The provision for loan losses for the nine months of 2001 was $1.1 million compared to $513,000 last year for the same nine-month period. The increase was due to higher non-performing loan balances and higher loan balances overall. In addition loan charge offs increased to .33% of average loans outstanding for the nine months ended September 30, 2001 from .16% for the comparable period in 2000, due to the slowing economy and the write down of two large commercial loans acquired in the Marion Capital alliance. These loans had been fully reserved, but not previously written down.
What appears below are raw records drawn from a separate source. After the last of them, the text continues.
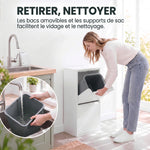 Mueble para Basura de Clasificación Selectiva, Papelera de Reciclaje de 30 L (2 x 15 L) con 2 Compartimentos, Cierre Suave, Blanco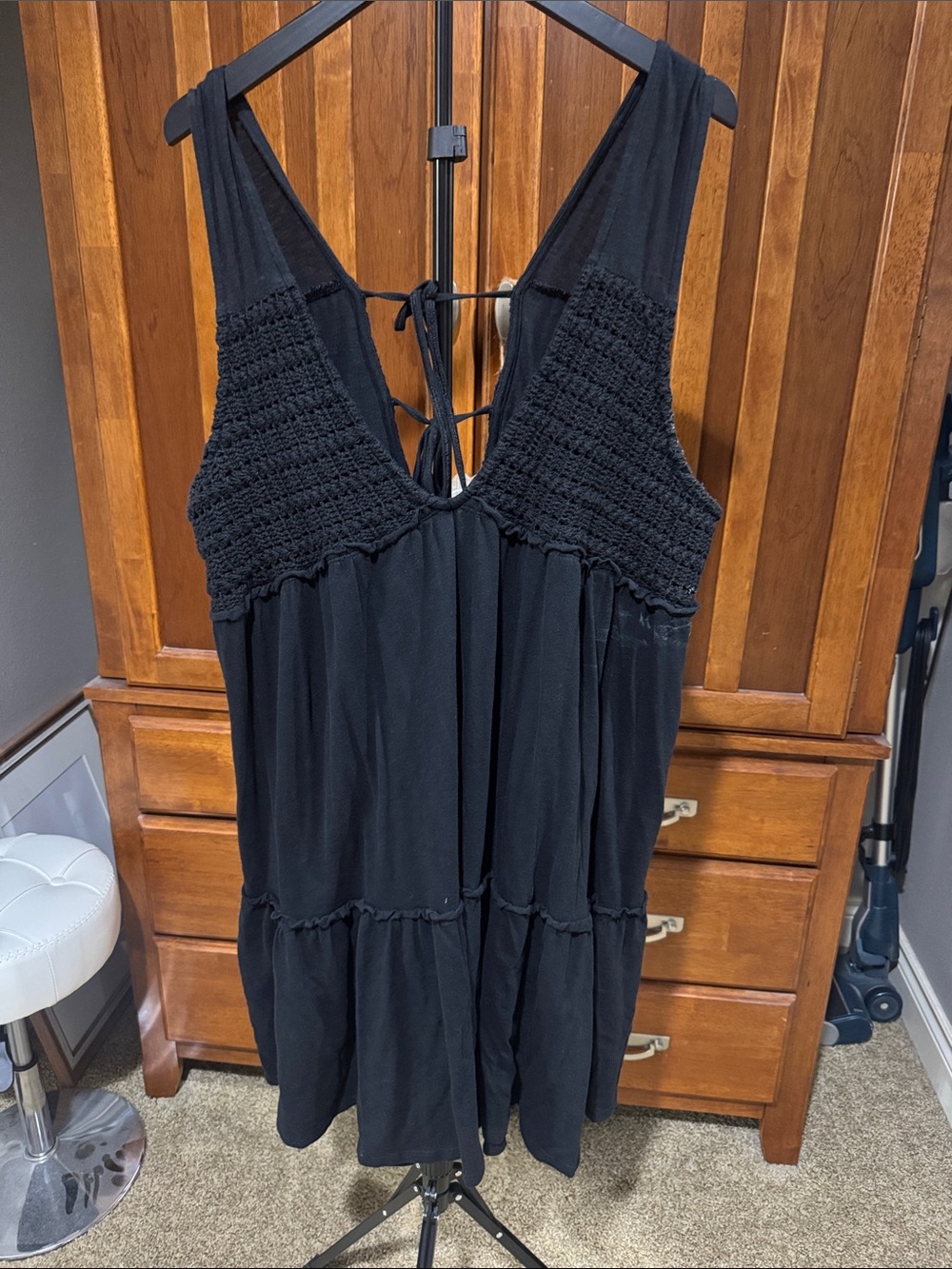 Women’s Black Smocked V-Neck mini dress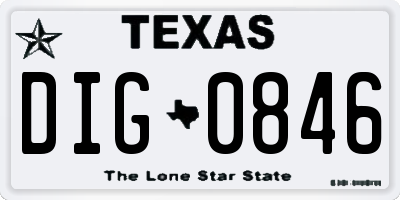 TX license plate DIG0846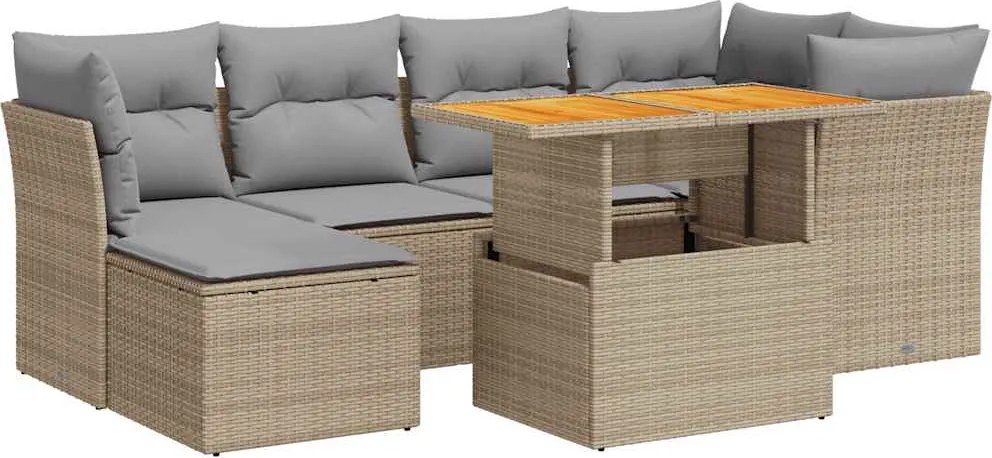 vidaXL 7 részes bézs polyrattan kerti ülőgarnitúra párnákkal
Non-interest income for the nine months ended September 30, 2001 was $4.1 million compared to $2.5 million for the same period last year. This improvement was a result primarily of an increase of $413,000 in service fee income; $131,000 increase in commission income; $645,000 gain on sale of loans this year that did not occur last year; and a $438,000 increase in cash surrender value of life insurance. Most of these increases, with the exception of the gain on sale of loans, were due to the alliance with Marion Capital.

Non-interest expenses for the nine months ended September 30, 2001 were $14.2 million compared to $9.6 million for the same period last year. Salaries and employee benefits were $8.8 million for the nine months ended September 30, 2001 compared to $5.5 million for the 2000 period, an increase of $3.3 million or 61.4%. The reasons for the increase in salaries and benefits included an increase in salaries due to an increase in fulltime equivalent employees resulting from the alliance with Marion Capital and the grant of awards under the Recognition and Retention Plan. Other expenses increased $1.2 million or 29.6% for the nine-month period ended September 30, 2001 compared to the same period in 2000. These increases were a result primarily of the Marion Capital alliance.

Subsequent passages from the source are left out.